TASK =
Beginning with the line where "Трикотажный весенний эластичный" appears, restate each line word for word until the data ends. Pictures do not go in.

EXCERPTED DATA =
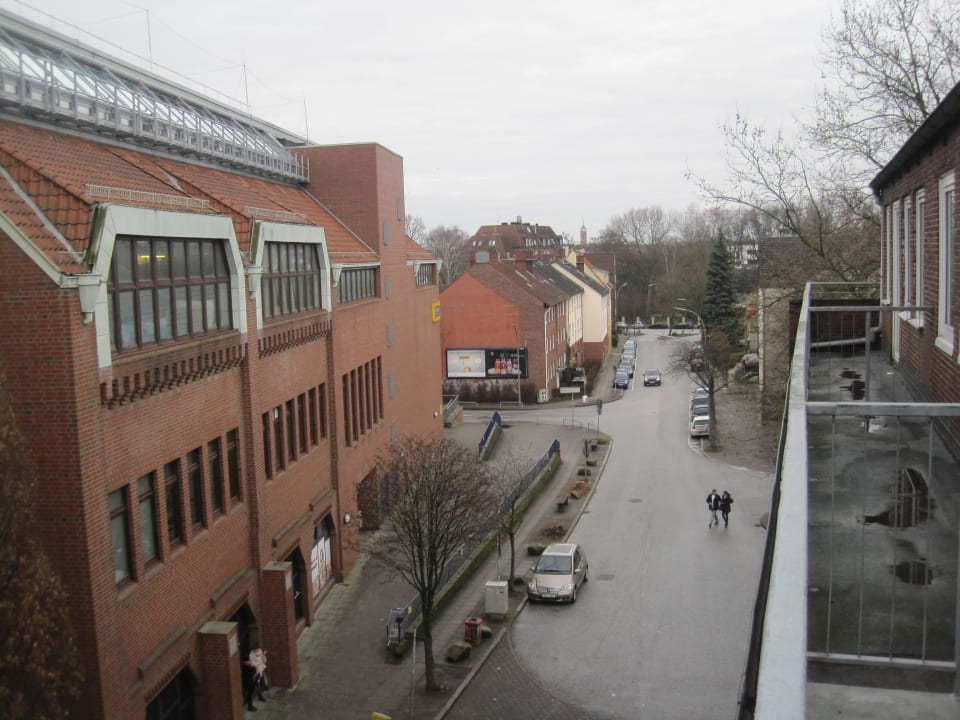 Vom Balkon Garner Hotel Hamburg - Wandsbek Marktplatz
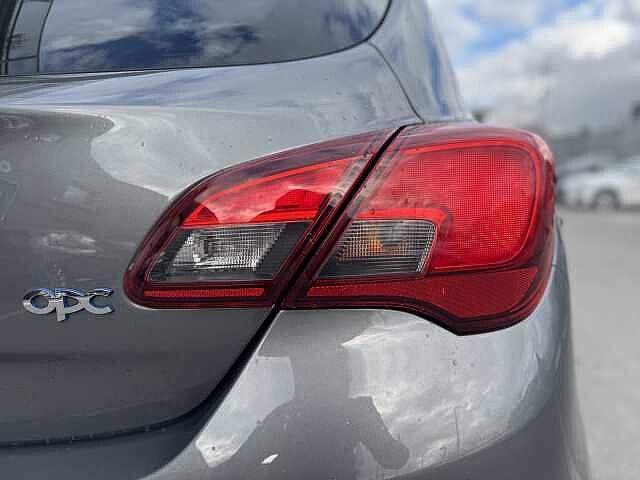 Opel Corsa 1.6 Turbo Coupé OPC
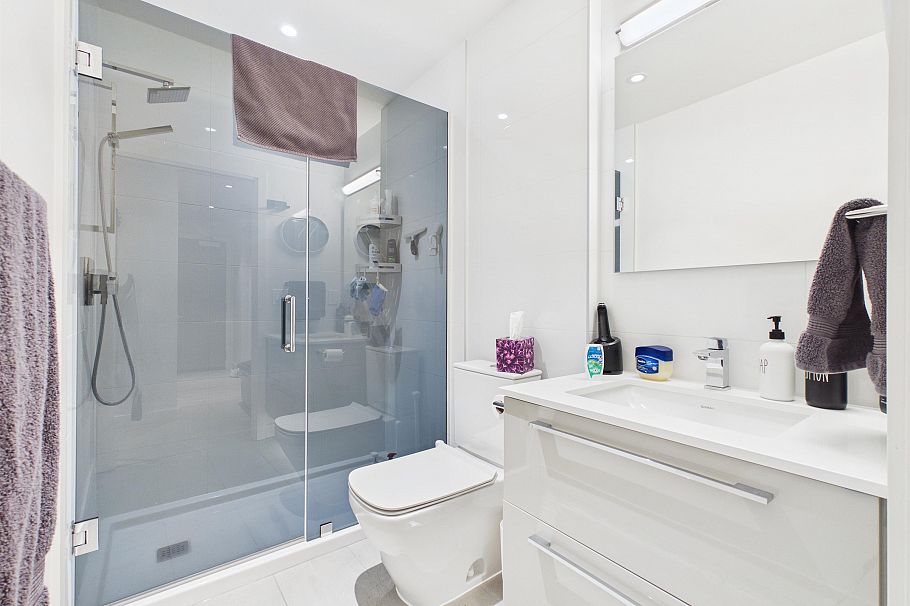 404 5289 Cambie Street Vancouver, BC - 18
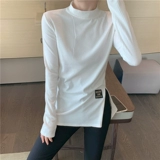 Трикотажный весенний эластичный свитер, коллекция 2021, тренд сезона, облегающий крой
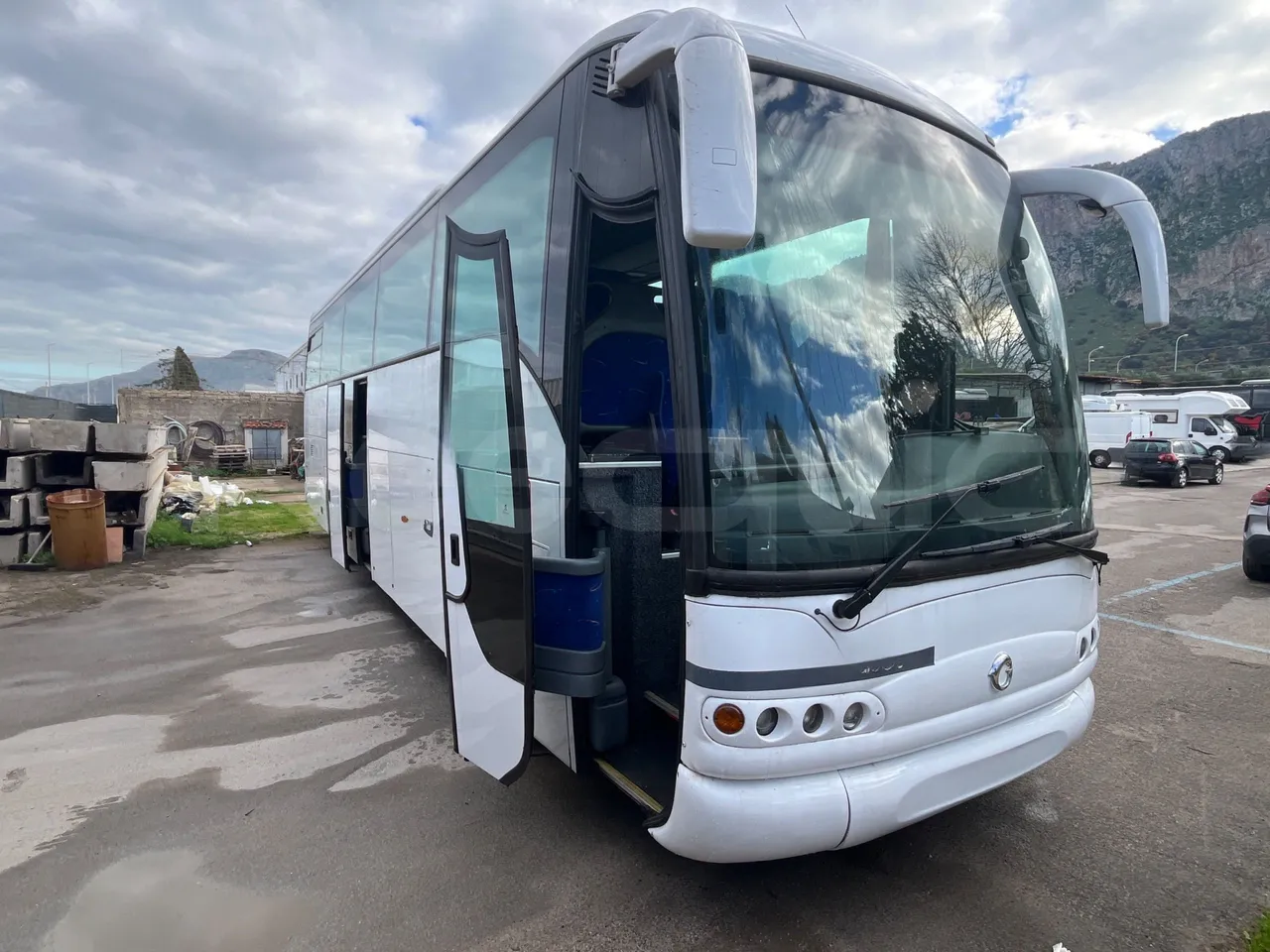 Irisbus Domino Orlandi 2001 397E.12.43 - Euro3 - 317kW - 12mt - 3/4 right front doors open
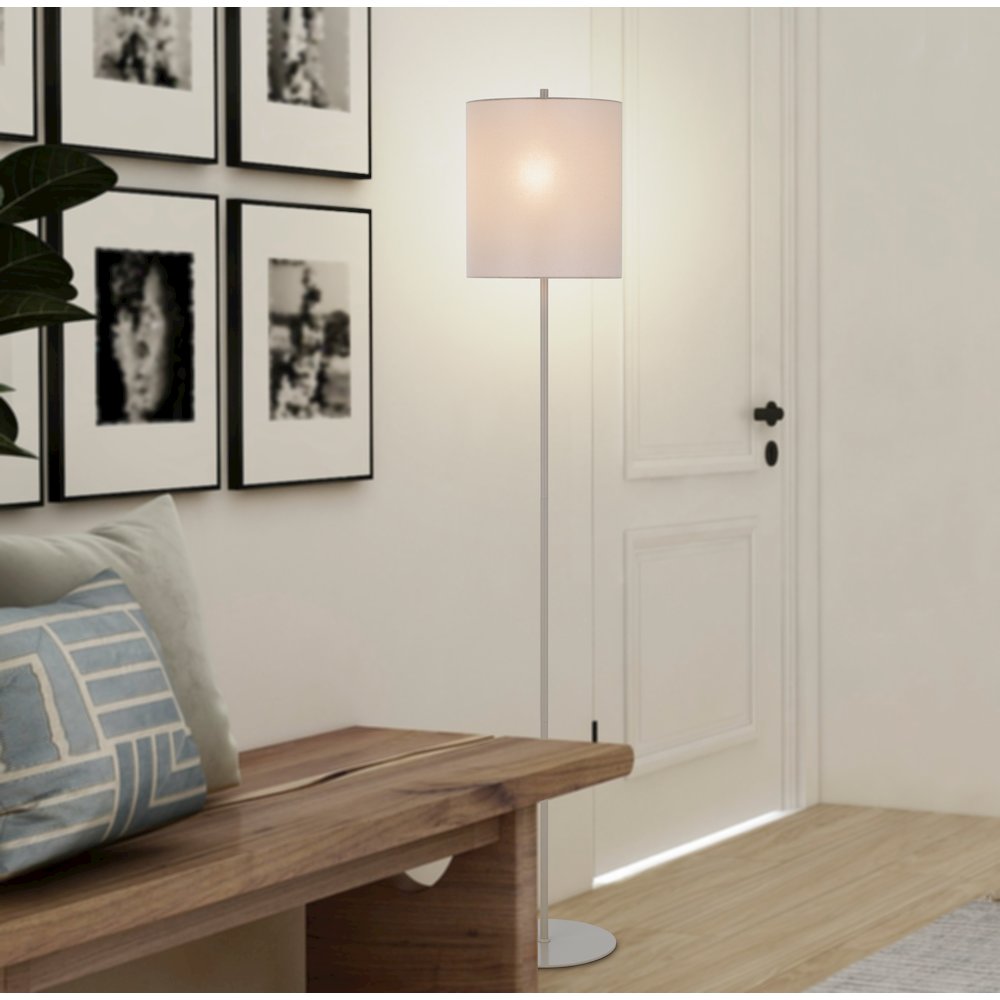 100W metal floor lamp with corks shade. Picture 3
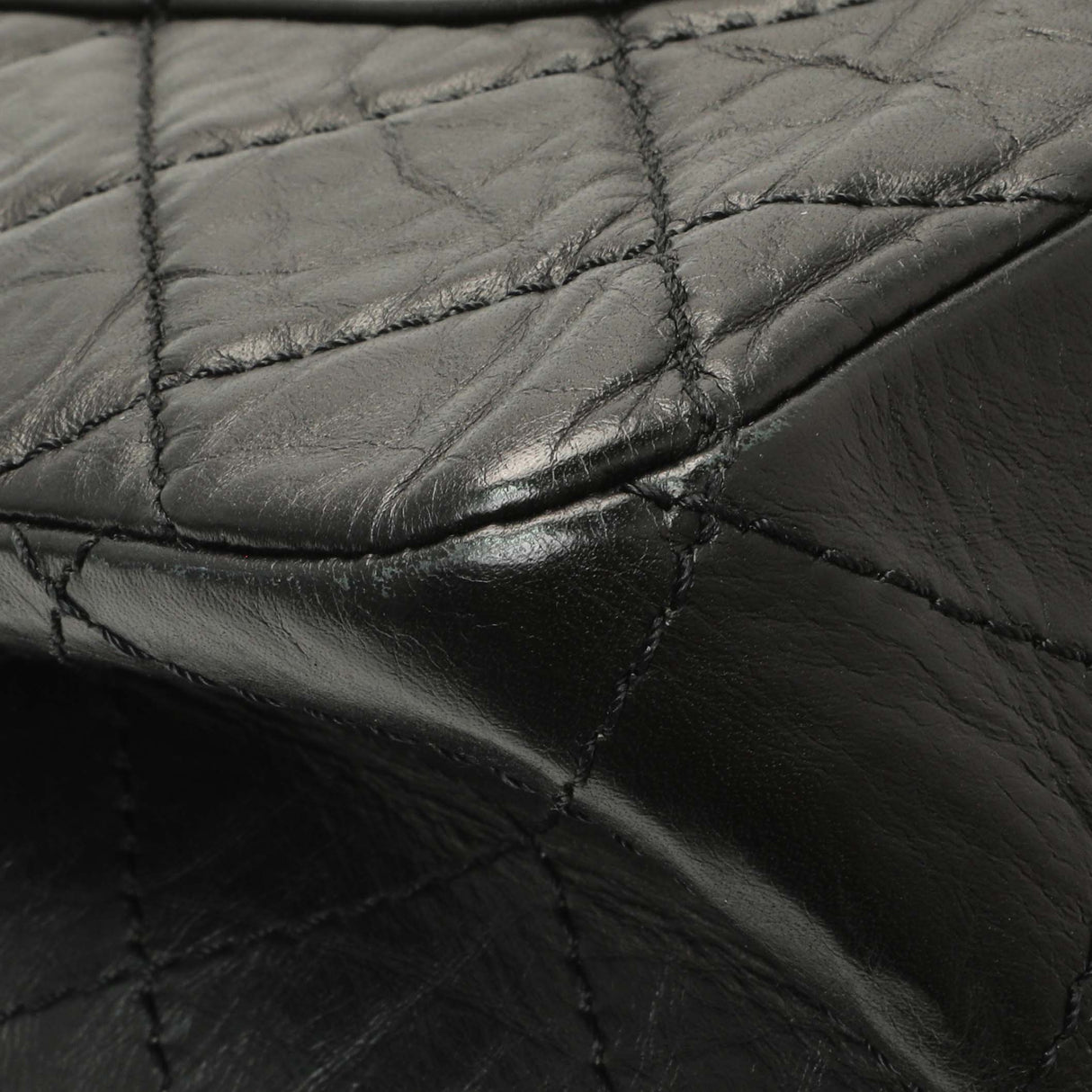 Chanel Black Quilted Aged Calfskin 2.55 Reissue 227 Flap Handbags Chanel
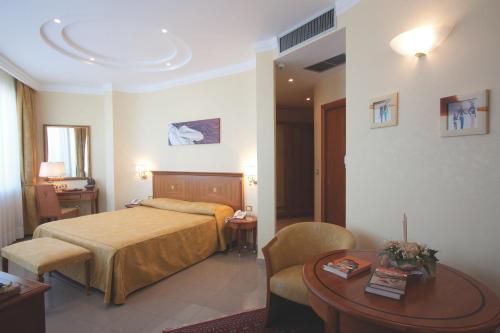 Hotel Tirreno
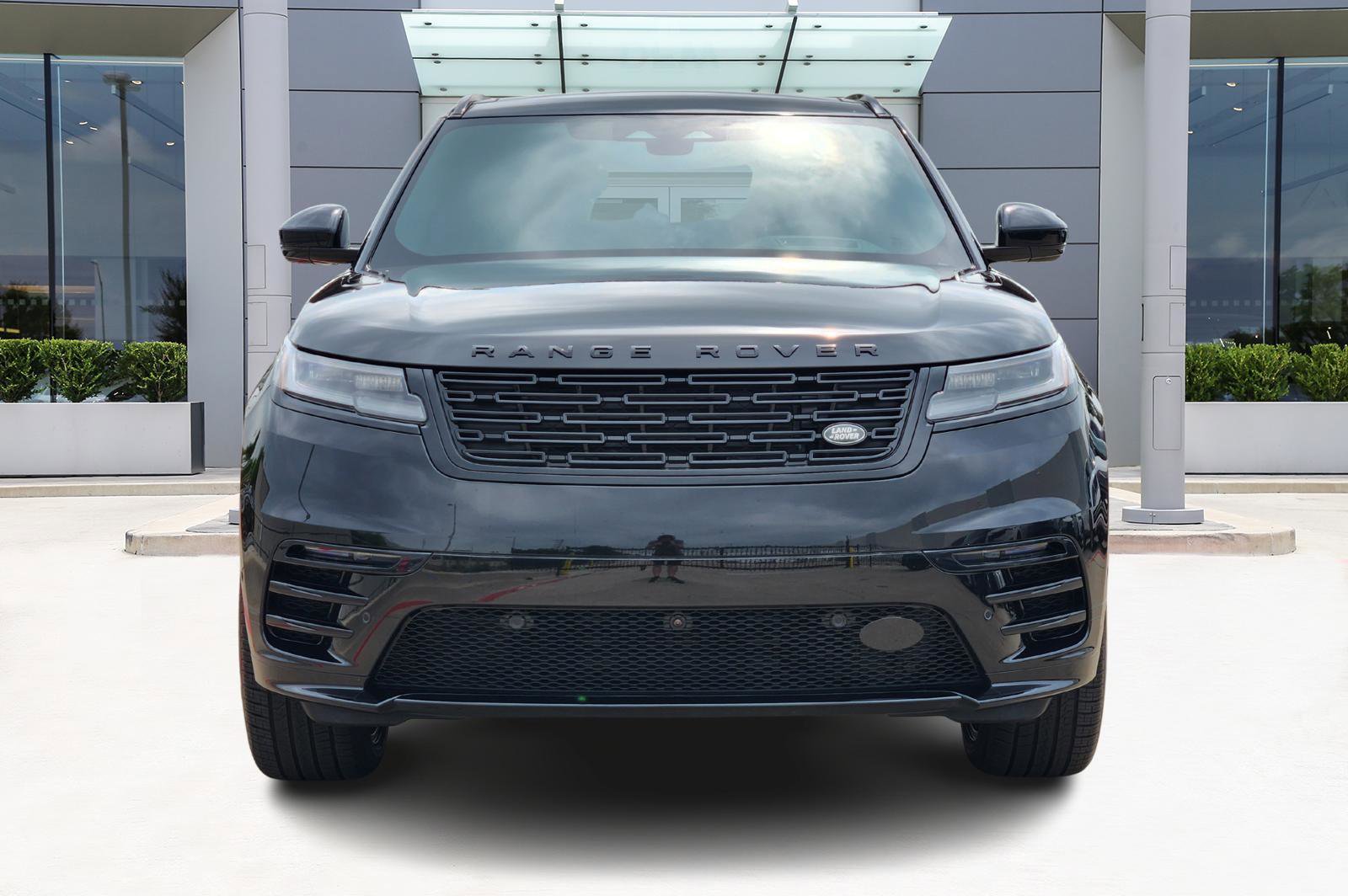 New 2026 Land Rover Range Rover Velar Dynamic SE image 2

PROBLEM SOLUTION =
 Трикотажный весенний эластичный свитер, коллекция 2021, тренд сезона, облегающий крой
 Irisbus Domino Orlandi 2001 397E.12.43 - Euro3 - 317kW - 12mt - 3/4 right front doors open
 100W metal floor lamp with corks shade. Picture 3
 Chanel Black Quilted Aged Calfskin 2.55 Reissue 227 Flap Handbags Chanel
 Hotel Tirreno
 New 2026 Land Rover Range Rover Velar Dynamic SE image 2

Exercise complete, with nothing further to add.